In contrast, from Fodor’s intentional level of analysis, a massively modular mind would be problematic. Within this framework, modules are inflexible, autonomous, and independent. Thus, a massively modular mind would be composed of largely isolated, inflexible units with limited ability to communicate with one another or with “central systems” (the homunculus or Cartesian theater). This kind of mind would be a many headed monster, and it would be exceedingly reasonable to question the plausibility (or even the logical coherence) of such a mental architecture.

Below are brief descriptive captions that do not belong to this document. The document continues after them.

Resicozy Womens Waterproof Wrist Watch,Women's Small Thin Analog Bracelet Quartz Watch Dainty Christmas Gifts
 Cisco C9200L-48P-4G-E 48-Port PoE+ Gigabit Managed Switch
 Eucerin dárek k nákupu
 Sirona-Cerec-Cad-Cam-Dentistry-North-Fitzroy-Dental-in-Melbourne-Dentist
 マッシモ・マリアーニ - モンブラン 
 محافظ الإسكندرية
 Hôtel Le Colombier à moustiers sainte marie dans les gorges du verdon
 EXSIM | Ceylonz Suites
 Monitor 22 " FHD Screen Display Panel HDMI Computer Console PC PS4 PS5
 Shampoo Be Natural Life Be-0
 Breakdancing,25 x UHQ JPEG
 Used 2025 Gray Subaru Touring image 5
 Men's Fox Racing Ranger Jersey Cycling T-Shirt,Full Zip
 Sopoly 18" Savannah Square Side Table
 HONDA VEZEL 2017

Evolutionary psychologists did defend—and try to explain—their position to critics who misunderstood their approach. But at no point in time did evolutionary psychologists explicitly point out that they were adopting a different level of analysis than was Fodor. Instead, the debate centered around what attributes modules should have. As a result, the misunderstandings persisted.

For example, in what is probably the strongest and most recent attempt to clarify what evolutionary psychologists mean when they invoke modularity, Barrett and Kurzban (2006) explicitly rejected Fodor’s long list of attributes and instead offered (again) the simpler notion of functional specialization—“that mental phenomena arise from the operation of multiple distinct processes rather than a single undifferentiated one” (p. 628). This argument is exactly correct at a functional level of analysis and so would be the right argument to make if everyone was already clear about the level of analysis at which they were operating. However, because everyone was not already clear on this issue, critics of evolutionary psychology simply continued to interpret (and therefore misunderstand) this clarification through the lens of their intentional level of analysis (for an example, see Box 4). 14

Box 4.

An Example of the Modularity Mistake

The following back and forth between Chiappe and Gardner (2012) and Barrett and Kurzban (2012) exemplifies the confusion between different levels of analysis in the modularity debate. In the first quote, Chiappe and Gardner criticize the Barrett and Kurzban (2006) clarification that by “module” evolutionary psychology simply means a unit of functional specialization:

Barrett and Kurzban (2006) fail to adequately deal with the challenges posed by novelty. The reason is because they attempt to deal with it using only the System 1 processes traditionally discussed by EP. Specifically, they try to reduce the problem of novelty to one that can be dealt with by relying on Sperber’s (1994) distinction between the proper and actual domain of modules. The proper domain of a module is the set of inputs that a module evolved to process. The actual domain refers to stimuli that are similar in relevant respects to the proper domain of a module. . . . However, this does not eliminate the problem of novelty . . . one cannot always rely on the lucky coincidence where a novel stimulus just happens to fit the input criteria of a module, and whose operation is going to produce a suitable response to that stimulus. In other words, sometimes we have to deal with novelty by engaging in problem solving. Sometimes we actually have to think about a problem and gain insight into it so that we can improvise a solution. We can’t rely on a prepared response produced by natural selection. This can require considerable effort and ingenuity. (Chiappe & Gardner, 2012, p. 679)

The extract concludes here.